Another cycle analyst is Ray Merriman www.mmacycles.com. Merriman has postulated that gold may have a 25-year cycle. His observations are based on limited free market trading data for gold that only began in 1971. According to Merriman the 25 year cycle bottomed in 1976 and then again in 2001 (25 years later).  Using the 2001 bottom the next 25 year cycle is not due to bottom until 2026 +/- 5 years.


Merriman noted that he believed the 25-year cycle broke into either two 12.5-year cycles or three 8.33-year cycles. After 1976, gold had distinct bottoms in 1985, 1993 then again in 2001. All fit well with 8.33-year cycles. If 2001 signaled the beginning of a new 25-year cycle then the first 8.33-year cycle low came in 2008. The next one is due February 2017 +/- 17 months. That period begins around September to November 2015. If the 8.33-year cycle low occurs early then a major low could be seen as early as late 2015. These cycles overlap with the Dewey Dakin model.


The 1970’s bull market broke down starting around April 1984 when it broke its long-term uptrend line from the 1971 low. That signaled the end of the 1970’s bull market. Gold never took out its 1980 nominal high until 2008. On an inflation-adjusted basis, gold still has not taken out its 1980 high. That inflation adjusted high is now just above $2,700. The bull market that got underway in 2001 has still not broken down under two major uptrend lines.


The 1996-2015 chart shows two major uptrend lines. One comes from the 2001 low while a steeper uptrend line comes from the 2003 low. Another steep uptrend line would have occurred from 2004 (line not shown). The steep line broke when gold broke down in April 2013. But the second and possibly more important uptrend line remains intact. That line intersects with the $875 1980 horizontal line. If the 8.33-year cycle occurs as is expected a test of that line may mark that important low. If the line were to break, however, it would most likely signal that gold has entered a long-term bear market.


The Dewey Dakin model suggests that commodities could be making a half cycle low within the context of a long term bull cycle for commodities that is not due to top until 2033. The Merriman model suggests that an 8.33 year cycle is due starting sometime after September 2015 but could be as late as July 2018. If Merriman’s model and the Dewey Dakin model are lining up then a major low could be seen any time after September 2015. The uptrend line from 2003 could be a magnet. As well, the 1980 gold high could also act as a magnet. Could the final low come in anywhere around $900-$1000 and be seen in late 2015?
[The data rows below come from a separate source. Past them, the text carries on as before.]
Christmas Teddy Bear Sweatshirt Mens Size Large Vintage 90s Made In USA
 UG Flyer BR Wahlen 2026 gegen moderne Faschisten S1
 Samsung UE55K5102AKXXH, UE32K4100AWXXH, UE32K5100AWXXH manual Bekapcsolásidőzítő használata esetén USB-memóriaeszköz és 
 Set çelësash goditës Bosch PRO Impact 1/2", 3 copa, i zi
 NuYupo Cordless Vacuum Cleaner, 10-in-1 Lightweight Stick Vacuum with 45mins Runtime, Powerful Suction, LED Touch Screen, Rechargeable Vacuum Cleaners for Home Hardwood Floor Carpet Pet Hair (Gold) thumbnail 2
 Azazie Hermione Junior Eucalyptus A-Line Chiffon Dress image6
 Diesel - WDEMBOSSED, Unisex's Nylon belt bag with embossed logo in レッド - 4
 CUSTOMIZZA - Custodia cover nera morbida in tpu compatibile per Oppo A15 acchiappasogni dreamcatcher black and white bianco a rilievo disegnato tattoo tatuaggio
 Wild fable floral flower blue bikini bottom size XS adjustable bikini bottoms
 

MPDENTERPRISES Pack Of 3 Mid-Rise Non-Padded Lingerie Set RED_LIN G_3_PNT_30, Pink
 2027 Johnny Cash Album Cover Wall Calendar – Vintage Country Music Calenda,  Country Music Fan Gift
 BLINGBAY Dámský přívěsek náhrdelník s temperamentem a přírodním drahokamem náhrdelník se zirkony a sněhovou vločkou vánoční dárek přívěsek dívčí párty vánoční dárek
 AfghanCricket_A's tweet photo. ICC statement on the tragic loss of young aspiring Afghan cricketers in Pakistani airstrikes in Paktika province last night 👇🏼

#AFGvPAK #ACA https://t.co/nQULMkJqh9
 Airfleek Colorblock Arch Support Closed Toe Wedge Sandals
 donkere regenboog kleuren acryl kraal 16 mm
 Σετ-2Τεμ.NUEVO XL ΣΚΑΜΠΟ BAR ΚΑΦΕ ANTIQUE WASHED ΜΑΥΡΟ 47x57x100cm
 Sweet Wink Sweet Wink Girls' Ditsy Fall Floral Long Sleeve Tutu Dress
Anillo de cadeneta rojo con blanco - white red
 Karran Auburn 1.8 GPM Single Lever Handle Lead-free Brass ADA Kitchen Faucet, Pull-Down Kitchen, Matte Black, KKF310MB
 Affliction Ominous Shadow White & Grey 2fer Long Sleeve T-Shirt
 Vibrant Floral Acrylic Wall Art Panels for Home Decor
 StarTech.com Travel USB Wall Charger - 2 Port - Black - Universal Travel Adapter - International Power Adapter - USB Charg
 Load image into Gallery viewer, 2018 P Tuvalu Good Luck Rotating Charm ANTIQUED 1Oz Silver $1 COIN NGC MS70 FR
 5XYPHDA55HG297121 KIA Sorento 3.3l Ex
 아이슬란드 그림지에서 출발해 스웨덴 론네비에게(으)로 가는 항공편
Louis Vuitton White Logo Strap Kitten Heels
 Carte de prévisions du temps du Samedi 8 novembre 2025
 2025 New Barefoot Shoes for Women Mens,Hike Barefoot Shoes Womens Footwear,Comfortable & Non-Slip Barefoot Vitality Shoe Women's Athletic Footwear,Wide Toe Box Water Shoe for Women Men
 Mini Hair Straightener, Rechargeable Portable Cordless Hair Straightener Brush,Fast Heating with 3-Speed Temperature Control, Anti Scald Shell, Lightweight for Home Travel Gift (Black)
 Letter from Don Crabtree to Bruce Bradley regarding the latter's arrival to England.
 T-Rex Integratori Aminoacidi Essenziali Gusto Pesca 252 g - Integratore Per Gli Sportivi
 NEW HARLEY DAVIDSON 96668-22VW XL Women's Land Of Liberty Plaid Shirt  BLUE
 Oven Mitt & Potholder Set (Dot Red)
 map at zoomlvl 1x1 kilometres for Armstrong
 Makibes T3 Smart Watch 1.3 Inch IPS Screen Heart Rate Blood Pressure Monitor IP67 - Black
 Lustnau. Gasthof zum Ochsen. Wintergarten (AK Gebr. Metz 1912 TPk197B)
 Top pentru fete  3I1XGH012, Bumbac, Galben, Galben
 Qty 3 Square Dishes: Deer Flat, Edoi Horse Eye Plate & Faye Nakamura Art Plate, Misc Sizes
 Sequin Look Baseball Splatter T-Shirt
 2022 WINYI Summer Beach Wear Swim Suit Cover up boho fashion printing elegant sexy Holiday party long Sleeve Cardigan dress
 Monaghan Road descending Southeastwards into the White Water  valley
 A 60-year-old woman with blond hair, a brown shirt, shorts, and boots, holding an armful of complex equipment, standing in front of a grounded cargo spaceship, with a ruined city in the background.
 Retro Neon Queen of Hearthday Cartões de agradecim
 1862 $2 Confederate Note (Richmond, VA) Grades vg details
It is possible. Gold continues to appear that it is currently trying to make a corrective rally. Once that peak is seen expected anywhere from May to August 2015, a sharp decline could follow into a possible significant cycle low. Once that low has been made, the next phase of the bull market could get underway. Whether the analysts who believe the current decline is similar to the 1974-1976 decline is moot. Longer-term cycles are suggesting that the commodity bull market and by extension gold’s bull market has considerable further to go before it is finished.